Silas Blackburn touched Bobby’s arm timidly.
“I’ve been a hard man, Bobby—”
He broke off, his bearded lips twitching.
The grating of the screws tore through the silence. Rawlins glanced up.
“Lend a hand, somebody.”
Groom spoke hoarsely:
“It isn’t too late to let the dead rest.”
Robinson gestured him away. Graham, Paredes, and he knelt in the snow and helped the detective raise the heavy lid. They placed it at the side of the grave.
They all forced themselves to glance downward.
Katherine screamed. Silas Blackburn leaned on Bobby’s arm, shaking with gross, impossible sobs. Paredes shrugged his shoulders. The light wavered in Robinson’s hand. They continued to stare. There was nothing else to do.
The coffin was empty.
BOBBY’S VIGIL IN THE ABANDONED ROOM
For a long time the little group gathered in the snow-swept cemetery remained silent. The lamp, shaking in the district attorney’s hand, illuminated each detail of the casket’s interior linings. Bobby tried to realize that, except for these meaningless embellishments, the box was empty. That was what held them all—the void, the unoccupied silken couch in which they had seen Silas Blackburn’s body imprisoned. Yet the screws which the detective had removed, and the mass of earth, packed down and covered with snow, must have made escape a dreadful impossibility even if the spark of life had reanimated its occupant. And that occupant stood there, trembling and haggard, sobbing from time to time in an utter abandonment to the terror of what he saw.

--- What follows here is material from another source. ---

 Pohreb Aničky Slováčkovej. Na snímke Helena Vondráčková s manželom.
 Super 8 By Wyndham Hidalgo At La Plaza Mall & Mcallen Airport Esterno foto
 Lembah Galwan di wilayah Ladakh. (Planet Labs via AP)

To Bobby in that moment the supernatural legend of the Cedars seemed more triumphantly fulfilled than it would have been through the immaterial return of his grandfather. For Silas Blackburn was a reincarnation more difficult to accept than any ghost. Had Paredes, who all along had offered them a spectacle of veiled activity and thought, grasped the truth? At first glance, indeed his gossip of oriental theories concerning the disintegration of matter, its passage through solid substances, its reassembly in far places, seemed thoroughly justified. Yet, granted that, who, in the semblance of Silas Blackburn, had they buried to vanish completely? Who, in the semblance of Silas Blackburn, had drowsed without food for three days in the house at Smithtown?
The old man stretched his shaking hands to Bobby and Katherine.
“Don’t let them bury me again. They never buried me. I’ve not been dead! I tell you I’ve not been dead!” He mouthed horribly. “I’m alive! Can’t you see I’m alive?”
He broke down and covered his face. Jenkins sank on the heap of earth.
“I saw you, Mr. Silas, in that box. And I saw you on the bed. Miss Katherine and I found you. We had to break the door. You looked so peaceful we thought you were asleep. But when we touched you you were cold.”